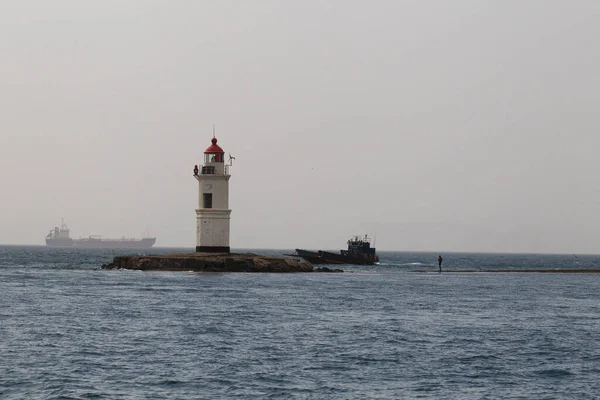 May 2015 Vladivostok Russia Tokarevsky Lighthouse Vladivostok Oldest Lighthouse Sea — Stock Photo, Image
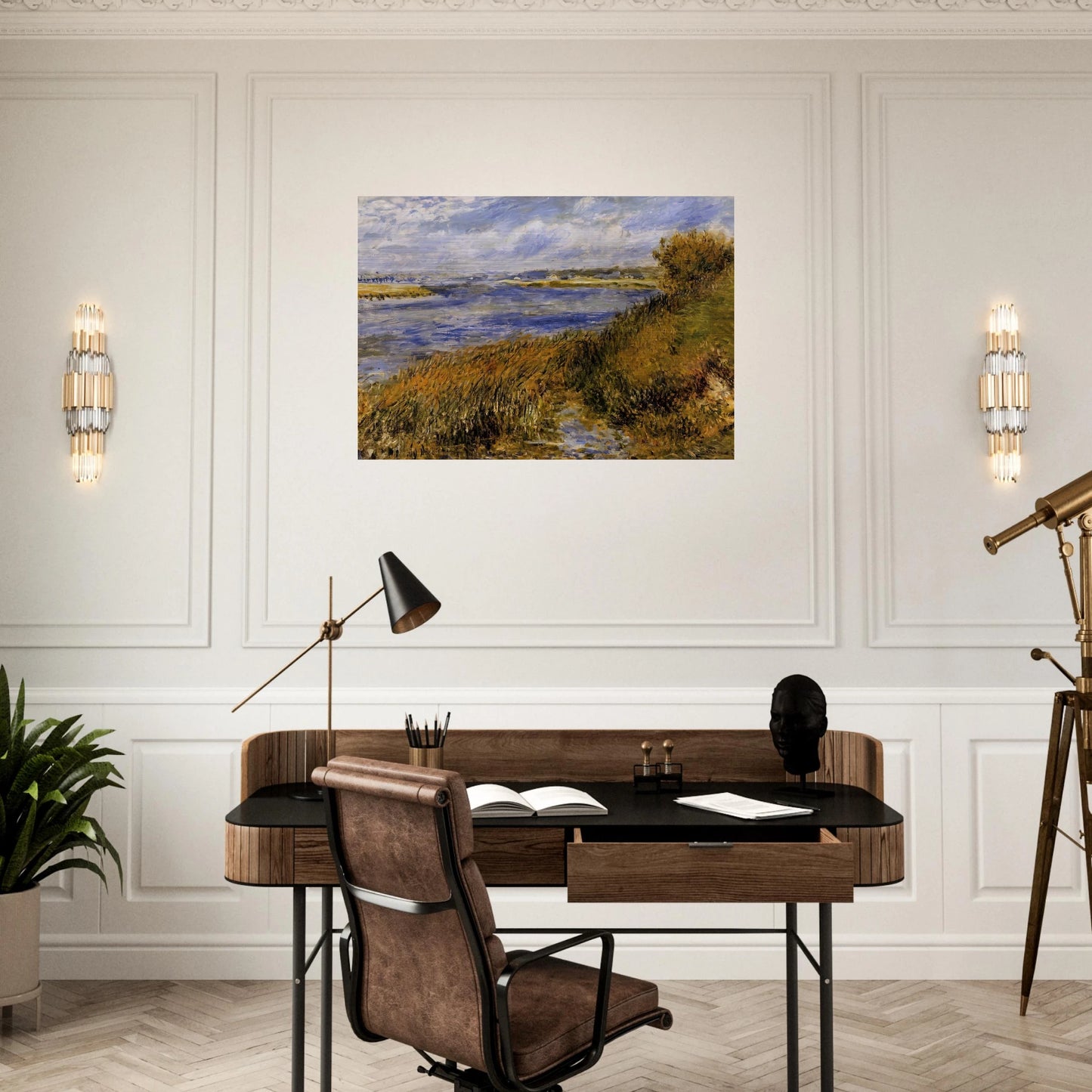 The Banks of the Seine at Champrosay - Pierre-Auguste Renoir Brushed Aluminum Print - 70x100 cm / 28x40 inches | Pierre-Auguste Renoir Aluminum Print | Pierre-Auguste Renoir Prints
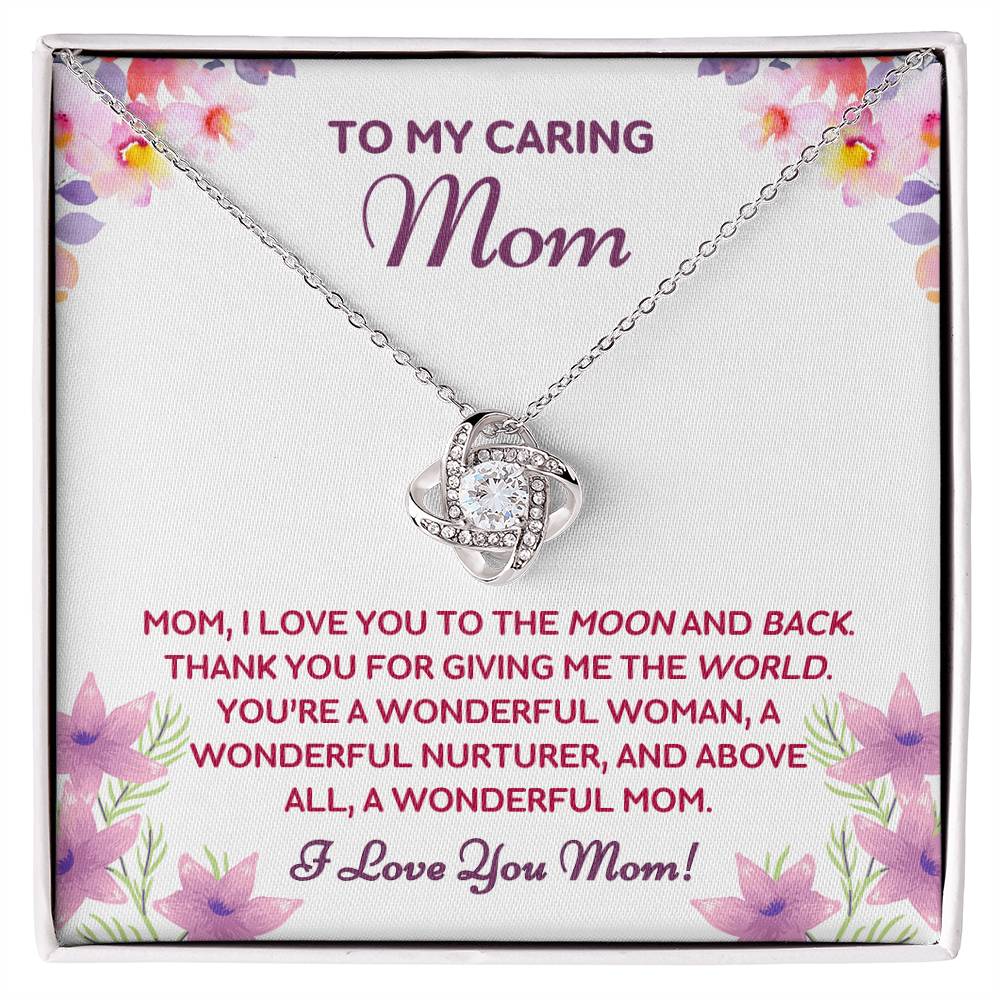Mom - Love To The Moon & Back - Love Knot Necklace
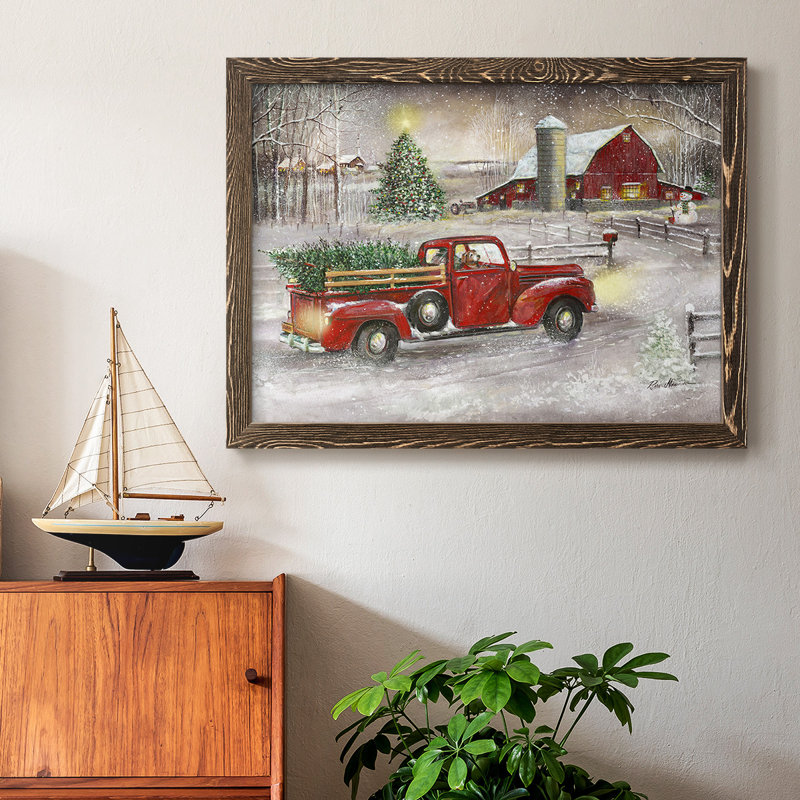 Faire des souvenirs de Noël, Walnut Barnwood Framed on Canvas, H 27 po x l 39 po x P 1,5 po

__WORK INSTRUCTION__
Output all the material verbatim, skipping every image.

__PROBLEM SOLUTION__
 May 2015 Vladivostok Russia Tokarevsky Lighthouse Vladivostok Oldest Lighthouse Sea — Stock Photo, Image
 The Banks of the Seine at Champrosay - Pierre-Auguste Renoir Brushed Aluminum Print - 70x100 cm / 28x40 inches | Pierre-Auguste Renoir Aluminum Print | Pierre-Auguste Renoir Prints
Mom - Love To The Moon & Back - Love Knot Necklace
 Faire des souvenirs de Noël, Walnut Barnwood Framed on Canvas, H 27 po x l 39 po x P 1,5 po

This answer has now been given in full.